(Stored dataset items)
------------------------------------

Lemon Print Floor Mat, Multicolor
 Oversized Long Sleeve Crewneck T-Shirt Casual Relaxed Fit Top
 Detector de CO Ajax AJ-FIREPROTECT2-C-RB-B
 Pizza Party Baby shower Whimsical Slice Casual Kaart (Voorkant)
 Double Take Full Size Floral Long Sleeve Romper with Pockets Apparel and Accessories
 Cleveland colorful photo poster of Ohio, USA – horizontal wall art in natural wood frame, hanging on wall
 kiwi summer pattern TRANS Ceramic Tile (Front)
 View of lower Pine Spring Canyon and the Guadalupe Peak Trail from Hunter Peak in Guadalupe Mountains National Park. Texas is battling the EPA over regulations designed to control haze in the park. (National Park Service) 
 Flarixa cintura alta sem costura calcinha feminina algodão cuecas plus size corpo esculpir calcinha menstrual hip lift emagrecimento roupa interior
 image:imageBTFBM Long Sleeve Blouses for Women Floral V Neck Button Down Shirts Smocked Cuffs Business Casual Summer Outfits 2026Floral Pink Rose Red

------------------------------------

Using the entries above, print each one again without any alteration.

Lemon Print Floor Mat, Multicolor
 Oversized Long Sleeve Crewneck T-Shirt Casual Relaxed Fit Top
 Detector de CO Ajax AJ-FIREPROTECT2-C-RB-B
 Pizza Party Baby shower Whimsical Slice Casual Kaart (Voorkant)
 Double Take Full Size Floral Long Sleeve Romper with Pockets Apparel and Accessories
 Cleveland colorful photo poster of Ohio, USA – horizontal wall art in natural wood frame, hanging on wall
 kiwi summer pattern TRANS Ceramic Tile (Front)
 View of lower Pine Spring Canyon and the Guadalupe Peak Trail from Hunter Peak in Guadalupe Mountains National Park. Texas is battling the EPA over regulations designed to control haze in the park. (National Park Service) 
 Flarixa cintura alta sem costura calcinha feminina algodão cuecas plus size corpo esculpir calcinha menstrual hip lift emagrecimento roupa interior
 image:imageBTFBM Long Sleeve Blouses for Women Floral V Neck Button Down Shirts Smocked Cuffs Business Casual Summer Outfits 2026Floral Pink Rose Red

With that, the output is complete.